Interesting video showing the fate of some Eurostar "stars"...

Strange economics to just abandon them ?

https://youtu.be/U2NnDn0KmUw

Ed


----------



## jis (Sep 12, 2018)

They are being sold for scrap, in general.


----------



## Devil's Advocate (Sep 12, 2018)

The decision may not be in the best interests for society as a whole, but it presumably makes simple economic sense for the operator.
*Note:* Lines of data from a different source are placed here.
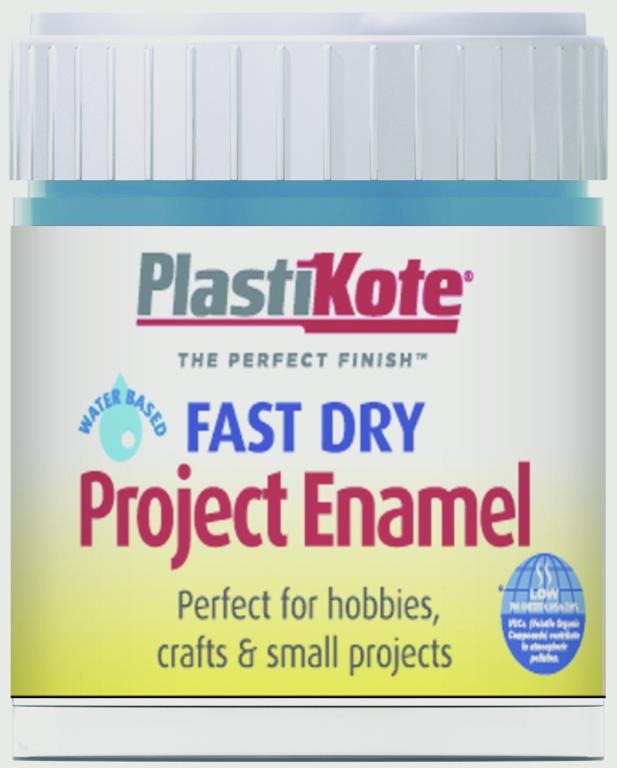 PlastiKote Fast Dry Enamel Brush On Harbour Blue - 59ml Bottle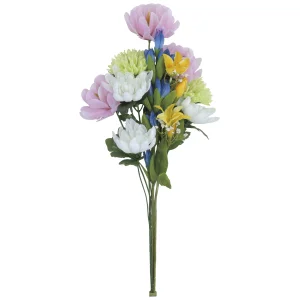 造花 手組仏花ダリア1本 (高さ45cm) (2699A18N) ※光触媒無し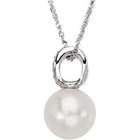EE Paspaley Cultured Pearl & Diamond Pendant 65889 14K W
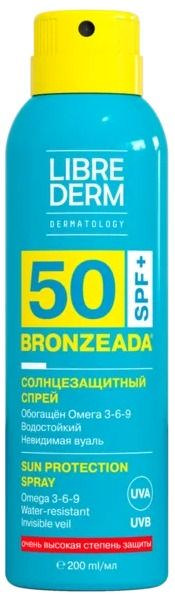 

ЛИБРИДЕРМ БРОНЗИАДА спрей солнцезащитный SPF50 200мл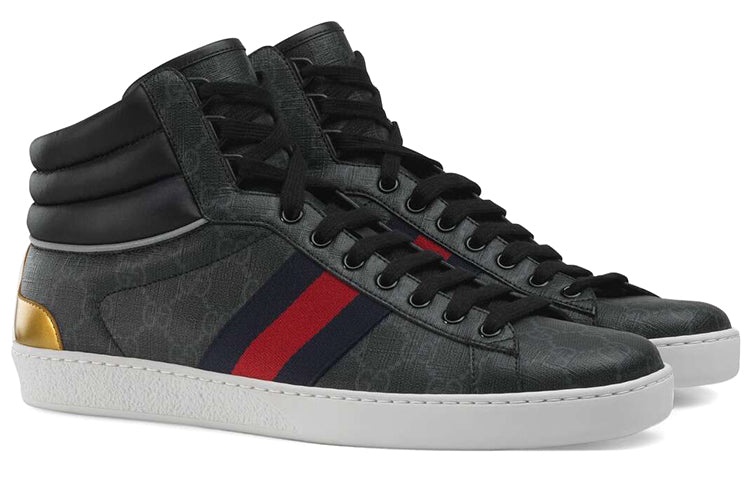 Gucci Ace GG High Top 'Black' 555197-92T20-1140 - 2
For instance, they don't have to worry about a competitor scooping them up and refurbishing the interiors in order to compete on price with an already approved design.


----------



## railiner (Sep 12, 2018)

I rode one of them back in '98 when they were almost new...still have a cup and saucer the first class attendant gave me in my collection.


----------



## caravanman (Sep 13, 2018)

jis said:


> They are being sold for scrap, in general.
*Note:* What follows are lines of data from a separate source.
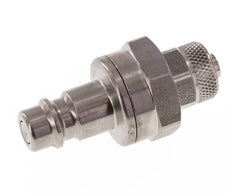 Acero inoxidable DN 7,2 (Euro) Enchufe de acoplamiento de aire Tuerca de unión 6x8 mm Cierre doble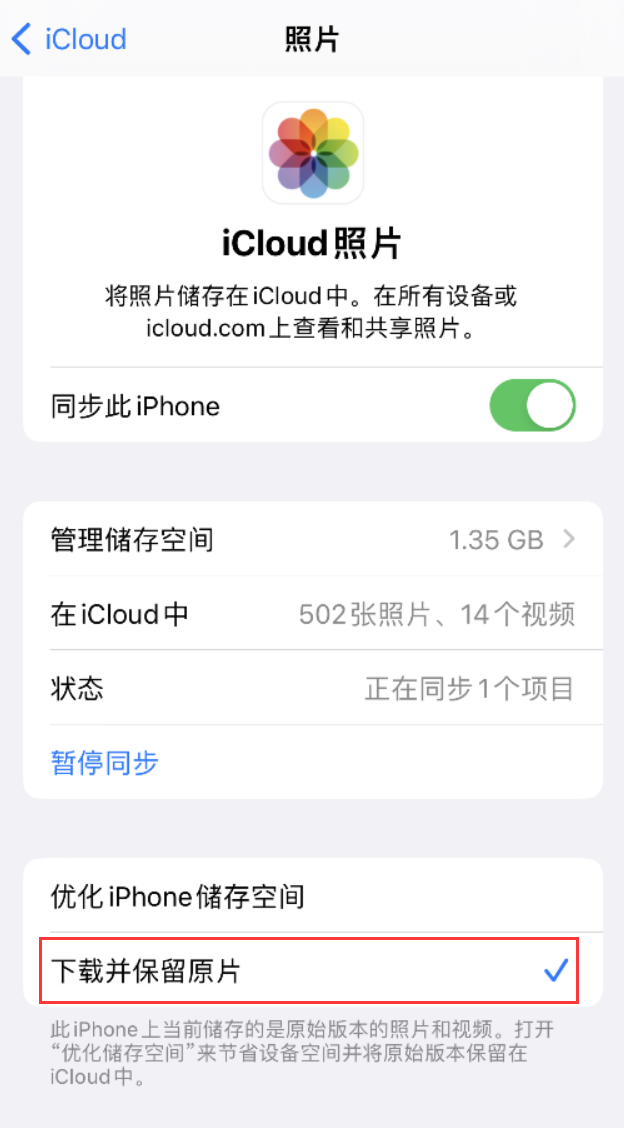 饶平苹果手机维修分享iPhone 无法加载高质量照片怎么办 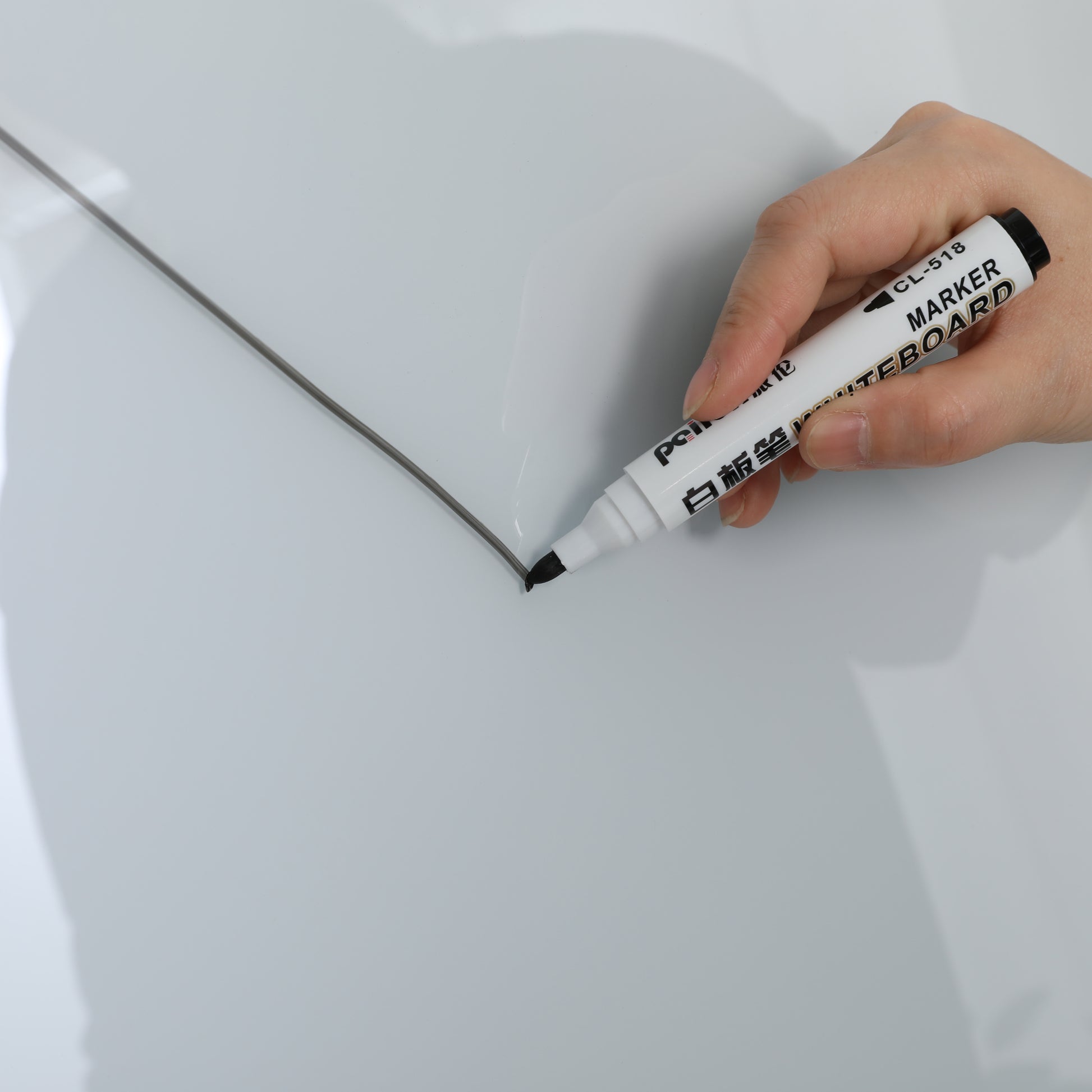 Removable Adjustable Height Tempered Glass Whiteboard, Magnetic Dry Erase Whiteboard, 36' x 24',-UH Decor-Default-Urbanheer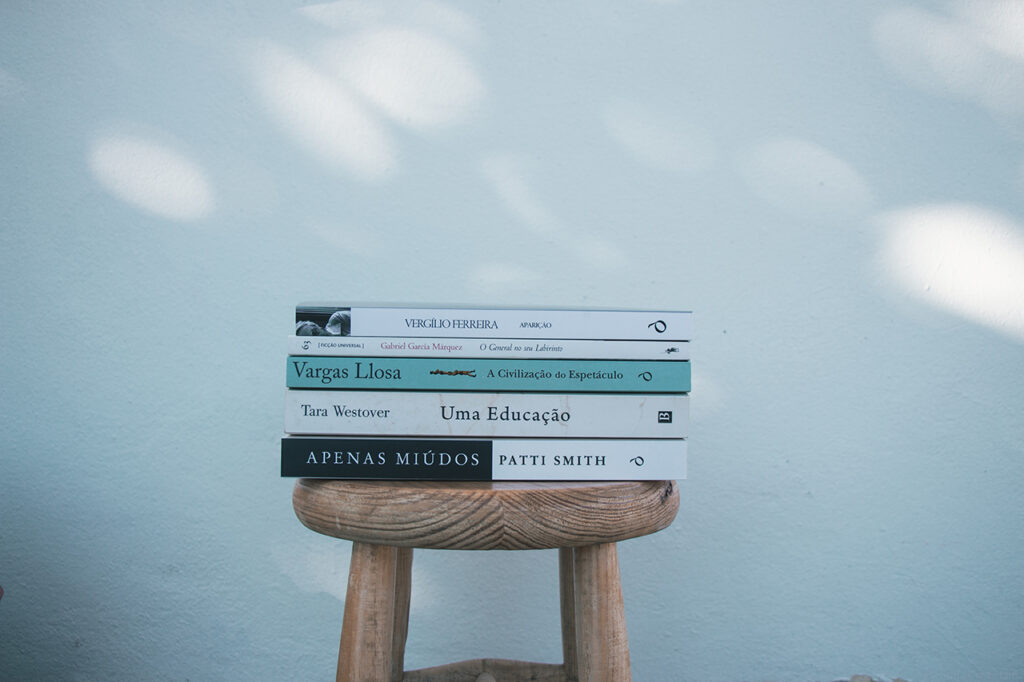 como diminuir a pilha de livros por ler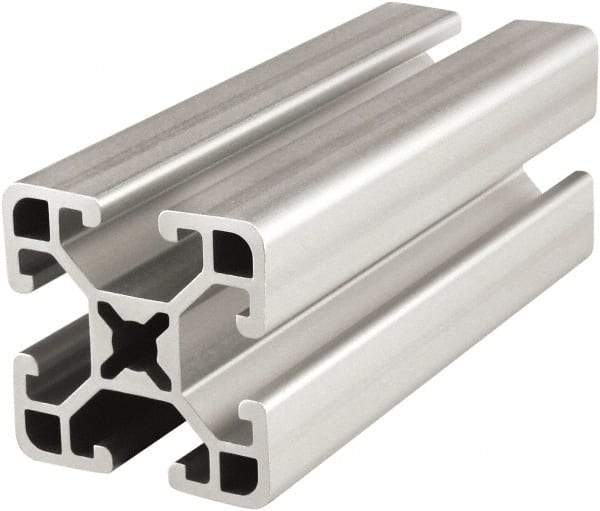 80/20 Inc. - 72 Inches Long x 1-1/2 Inches Wide x 1-1/2 Inches High, T Slotted Aluminum Extrusion - 0.781 Square Inches, Clear Anodized Finish - Industrial Tool & Supply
Indeed, just wondered why the two exceptions in the video were being left to rot...

Ed.


----------



## cirdan (Sep 13, 2018)

It's not that uncommon actually for individual examples of withdrawn classes to be retained a little longer.

In some cases because there may be a speculative plan to use them for something, which them tyxpically never comes to fruition.

Departmental use for example, or maybe even returned to passenger service for some reason.

Maybe even a preservation bid of some sort.

Or just something like a one -ime use in a fire brigade or rescue exercise for a simulated crash.

You might not want to use a normal train for that because the extrercise might involve actually setting fire to it, or curring holes in the sides of the carriages.

But after a couple of years of being left to the elements and to the vandals, that option becomes unviable.


----------



## Devil's Advocate (Sep 13, 2018)

caravanman said:


> jis said:
> 
> 
> > They are being sold for scrap, in general.
> ...


I suppose it could be an unexpected failure at an inopportune location but it's hard to know without more information. Scrapping companies generally operate on slim margins and scrapping schedules are sometimes adjusted because of market changes and pricing pressures. If a given design is made of materials that are not as desirable as some other recycling process then the less desirable material will be sidelined to make way for other more profitable recycling tasks. If the value of the depressed material does not rebound relative to other recycling tasks a defunct conveyance may end up sitting around for years slowly wasting away.


----------